PARIS (ACP). - Il semble que le gros des orages soit désormais passé. Les dégâts provoqués, en tout cas, mercredi, par les vents violents et les chutes de grêle sont importants. Peu de régions ont été épargnées par cette véritable tornade. Et, hier, on faisait le compte des toitures arrachées, des antennes de télévision envolées, des voitures abîmées par des grêlons, gros parfois comme des œufs, des maisons inondées et aussi des accidents provoqués par cette tempête.
C'est ainsi que dans la région de Dijon, à cause d'une visibilité très réduite, un minibus a percuté un ensemble routier de 35 tonnes.  Les deux occupants du mini-bus, un couple de Metz, M. et Mme Testard, ont été tués sur le coup. Ils se rendaient en vacances à La Grande-Motte pour retrouver leurs enfants.
Au cours de cet orage, un second accident mortel s'est produit en Côte-d'Or. Un hôtelier de Châtillon-sur-Seine a perdu le contrôle de sa voiture qui s'est encastrée sous un poids lourd qui venait en sens inverse. Il a été tué sur le coup.
Au large de Marseille, une embarcation avec quatre personnes à bord, prise dans une mer très mauvaise a, par ailleurs, chaviré. Les corps de deux des occupants ont été retrouvés mais les deux autres restaient disparus.

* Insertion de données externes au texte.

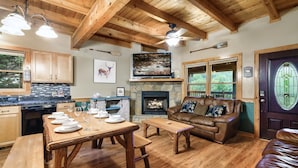 A wooden interior with a dining table set, a fireplace, a leather couch, and a door with a stained glass window. - Spacious Family Fun Cabin with Slide, Hot Tub, Games & Great Location! Pets ok (Pigeon Forge)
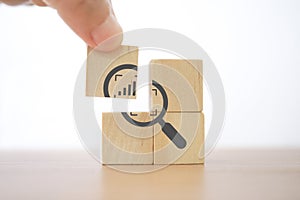 Hand complete magnifying glass with crop and increasing graph inside icon on wood block for business growth, focus on target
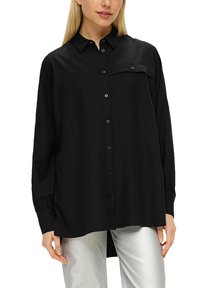 Schwarzes Langarmshirt mit Knopfverschluss, einer einzelnen Brusttasche und lockerer Passform. Hergestellt aus glattem, leichtem Stoff.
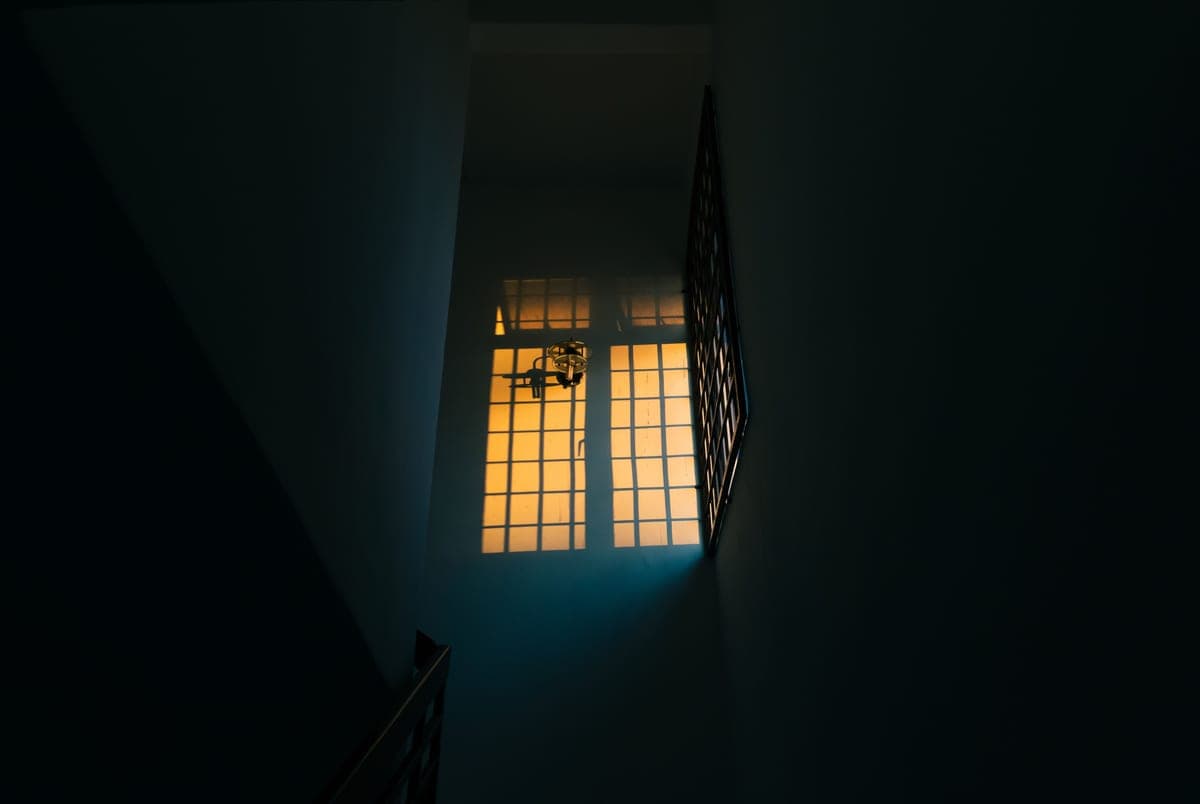 A dark hallway inside a house at night
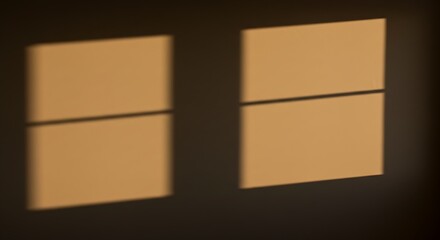Obraz premium Warm golden sunlight casts soft windowpane shadows on a textured wall, creating a serene and inviting atmosphere.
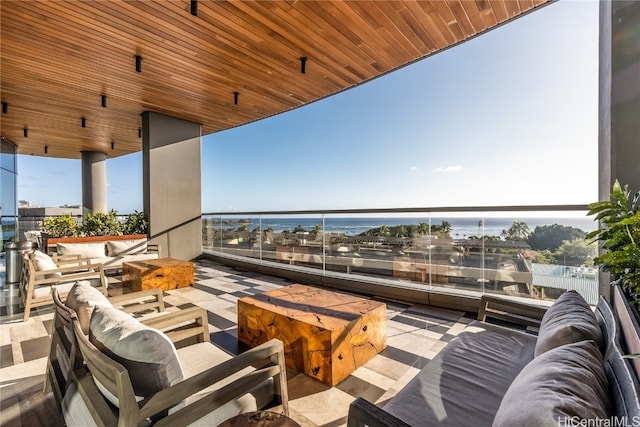 balcony featuring an outdoor living space with a fire pit and a water view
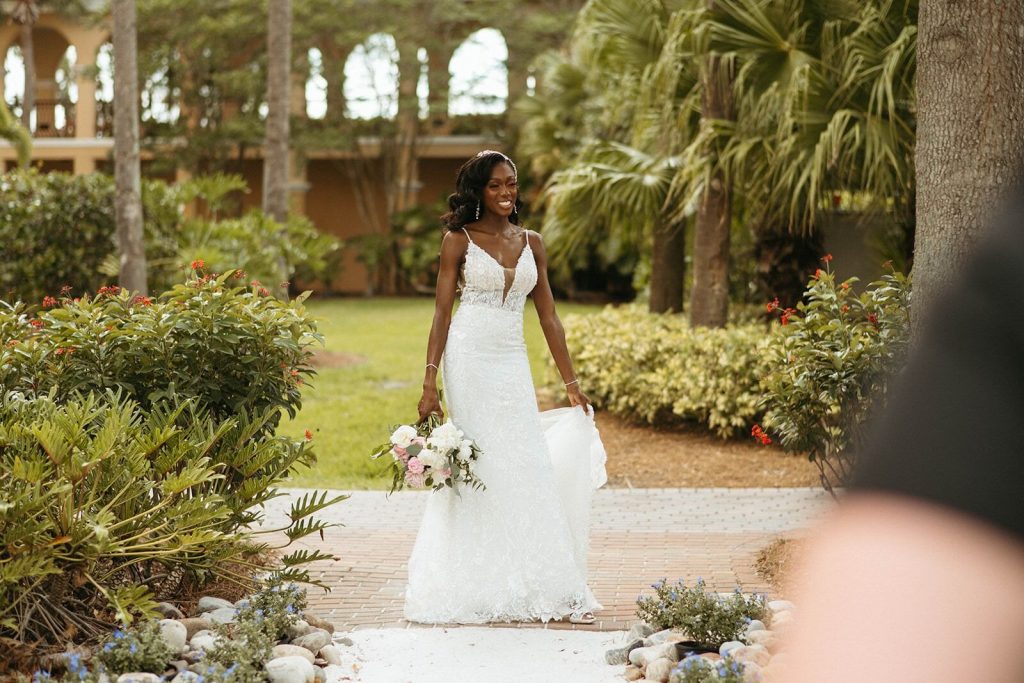 A beautiful bride appears at the end of an aisle outdoors, surrounded by gardens and palm trees. 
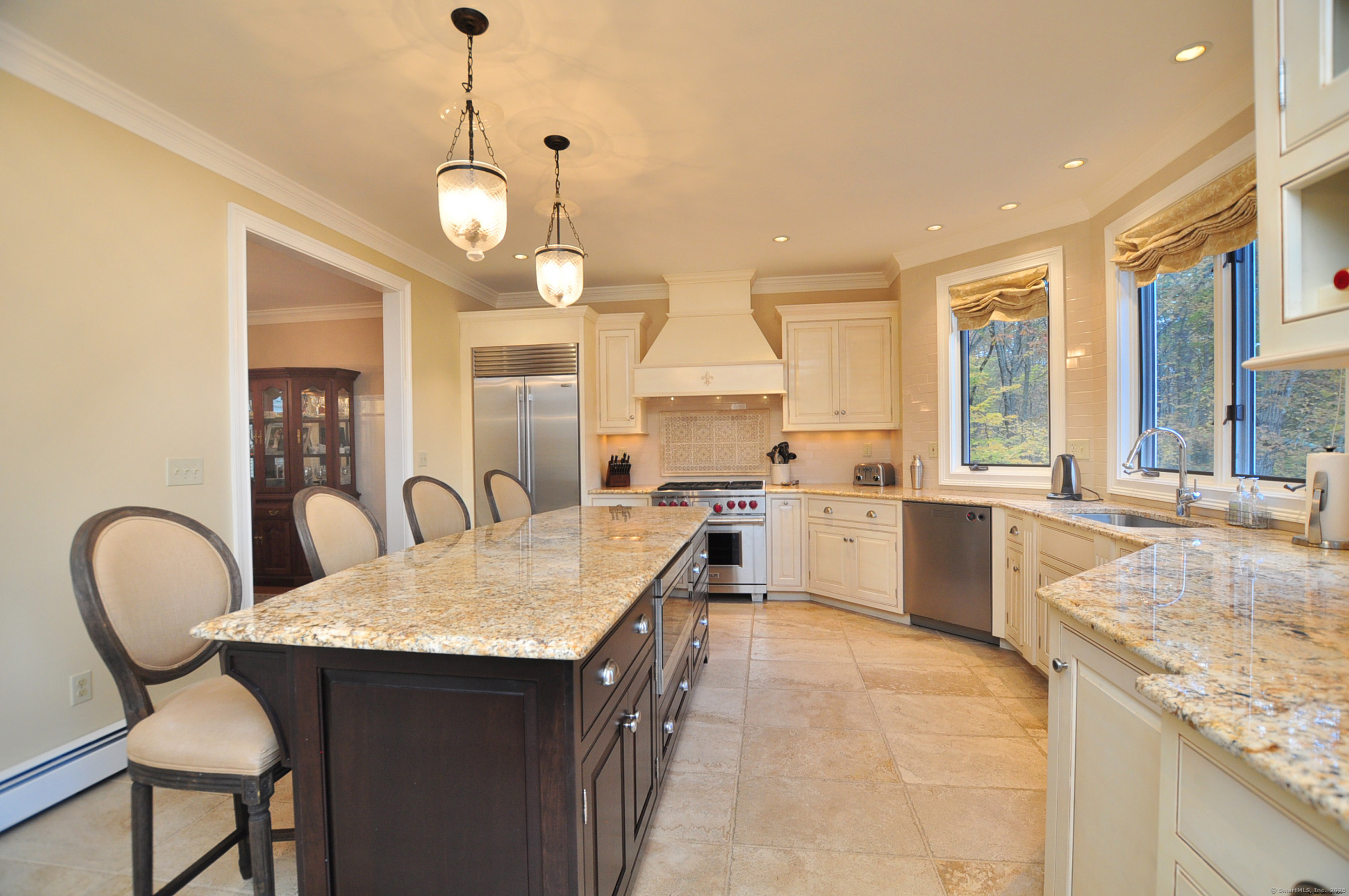 45 Lookout Landing Bolton, CT 06043 - Photo 9 of 39 a large kitchen with granite countertop a stove a sink a window and dining table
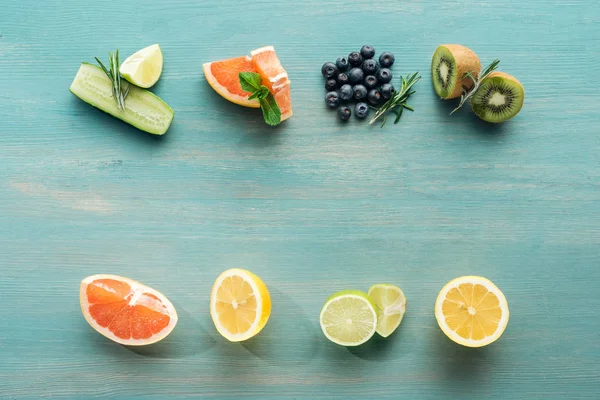 Draufsicht auf saftige Früchte und Blaubeeren auf blau strukturierter Oberfläche — Stockfoto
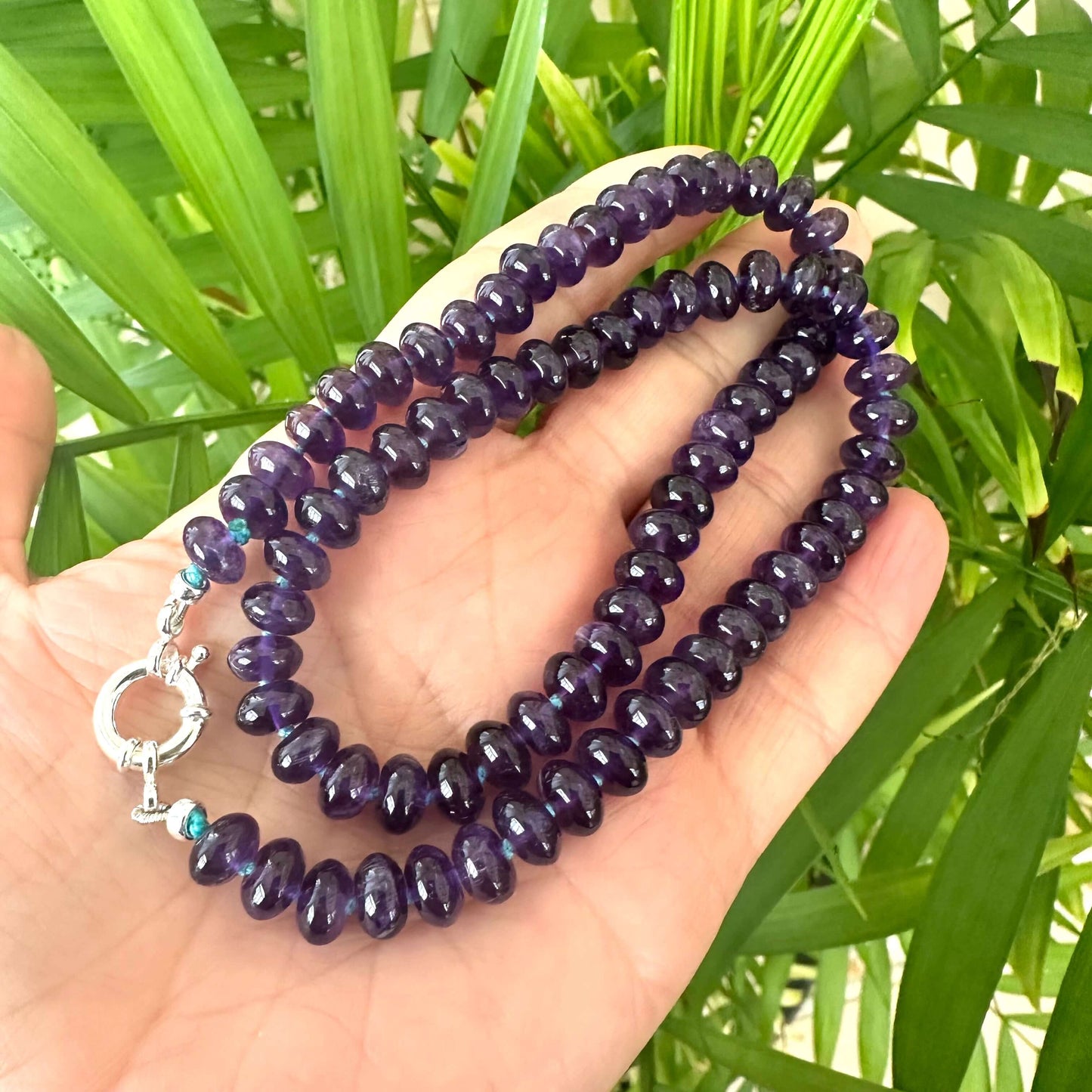 Close-up of handmade amethyst beaded necklace in dark purple tones against green leaf background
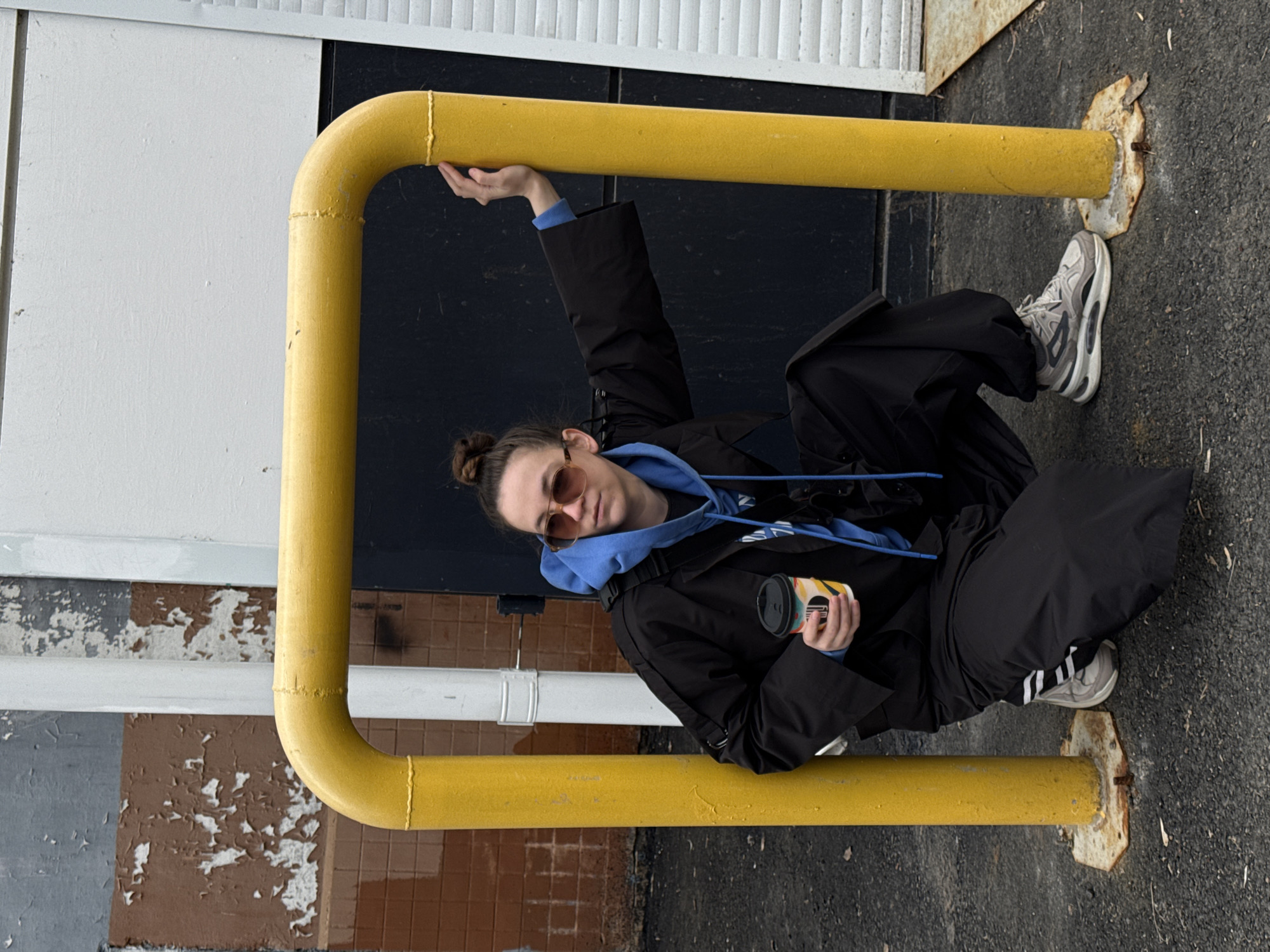 A woman is posed in an urban setting. She is leaning on a yellow, rectangular, metal barrier that is secured to the ground. The barrier is positioned in front of a building facade with sections of white, gray, black, and brown panels with peeling paint. The surface beneath the barrier is dark gray asphalt. The woman has a bun hairstyle and is wearing sunglasses, a light blue hooded sweatshirt, and a black jacket. She is holding a disposable coffee cup in her right hand and has one arm raised, holding onto the yellow barrier. Her legs are bent and she is wearing oversized black pants and white sneakers with black stripes. The location is Chaikovsky, Russia.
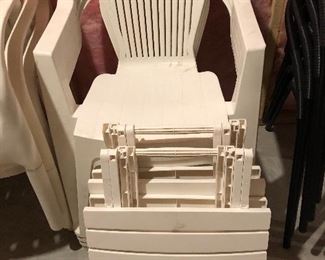 Set of 4 plastic chairs and two ottomans $45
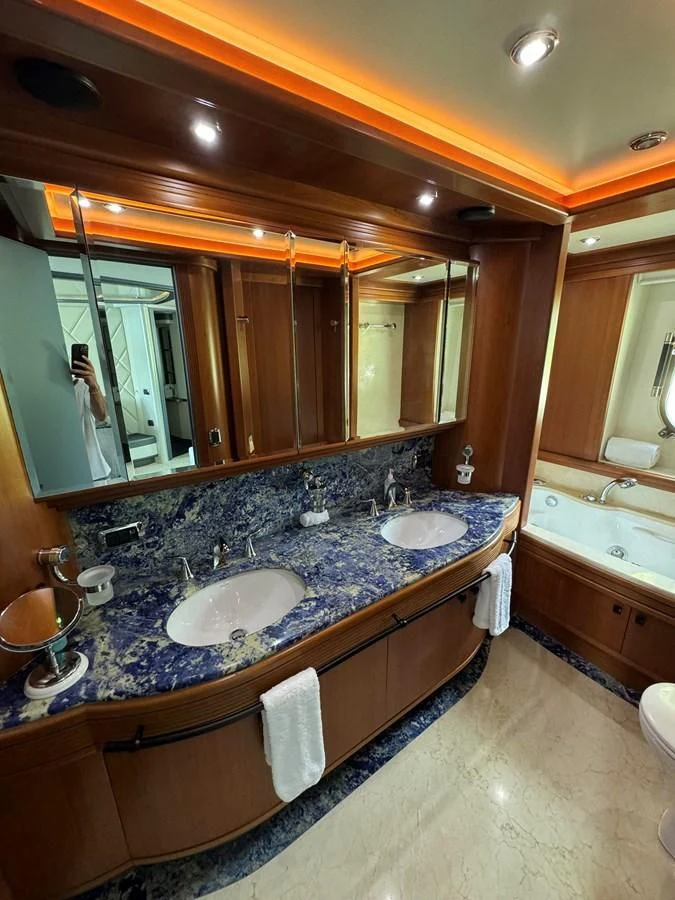 a bathroom with a large mirror aboard AZIMUT 100/32 Yacht for Sale
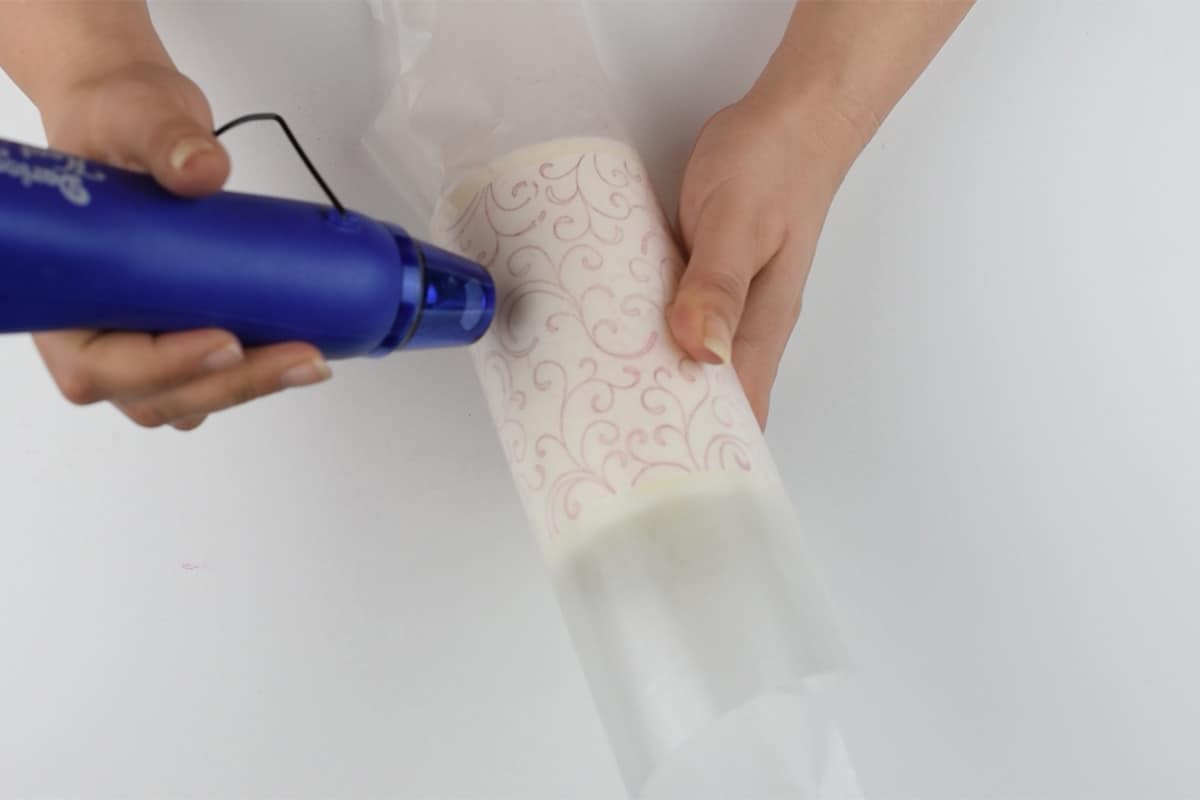 I'm using a blue heat gun over the surface of the wax paper wrapped candle.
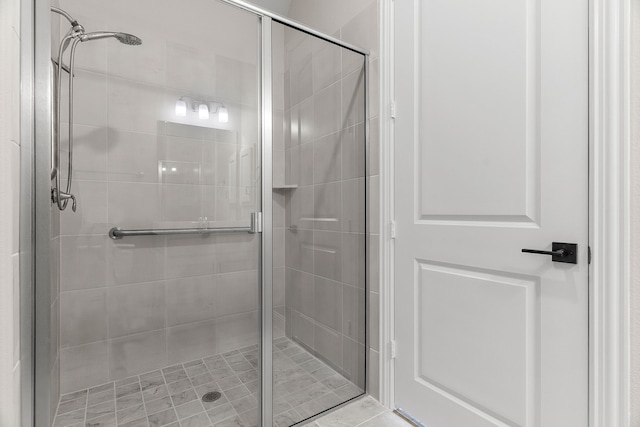 full bath with a shower stall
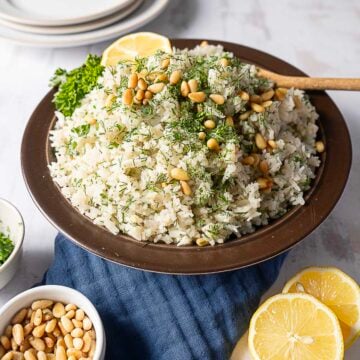 A bowl of Greek Rice Pilaf garnished with fresh herbs and pine nuts, served with lemon slices and parsley, with extra pine nuts and chopped herbs in small bowls nearby.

les occupants de cette voiture ont attendu que la tornade se calme avant de pouvoir sortir
Vignobles et cultures maraîchères touchés
Dans la région dijonnaise, le vignoble a subi d'énormes dégâts, ravagé à certains endroits par des grêlons. Les cultures maraîchères et fruitières ont aussi souffert. Vitres, tuiles, vérandas, serres n'ont pas été épargnées.
La tornade a atteint vers 22 heures Sarrebourg. Un arbre est tombé près de Dabo sur une voiture de tourisme et trois personnes ont été blessées.
Les sapeurs-pompiers de, la région lyonnaise ont dû intervenir plus de 300 fois mercredi pour maintenir les cheminées et les panneaux publicitaires à demi-arrachés ou dégager les chaussées jonchées de débris divers poussés par le vent violent. La chaleur aidant, un feu de broussailles important s'est déclaré à Decines dans l'est lyonnais et a ravagé 80 hectares de chaumes et de blé.
En Ariège, sur le comté de Foix et la région de Pamiers, le vent a atteint là encore des records : 150 km. Câbles, poteaux électriques toitures ont là aussi beaucoup souffert.
La grêle est tombée aussi dans la région parisienne et les. sauveteurs ont dû intervenir de nombreuses fois.
 
Routes, téléphone, électricité

Des liaisons rompues

Canal de l'Est ; navigation toujours interrompue
En raison d'arbres qui se sont abattus dans les biefs 22 et 23, le canal de l'Est n'était plus navigable au niveau d'Igney. Un yacht appartenant à des Hollandais abordait ce passage au moment de la tornade, mais n'a pas été touché par la chute des arbres. Il a fait marche arrière pour s'éloigner de cette zone délicate dans la matinée d'hier, après une nuit passée au milieu des arbres abattus. Un autre yacht, allemand celui-là, est immobilisé également au niveau du bief n° 24.
La circulation fluviale est interrompue à Charmes, dans l'attente du dégagement des biefs d'Igney. Les agents de la navigation étaient à pied d'œuvre dès hier, mais on estime à une cinquantaine le nombre d'arbres obstruant le canal, ce qui nécessitera de vider les biefs de leur eau avant de prétendre dégager les arbres. L'opération devrait durer 48 heures au moins.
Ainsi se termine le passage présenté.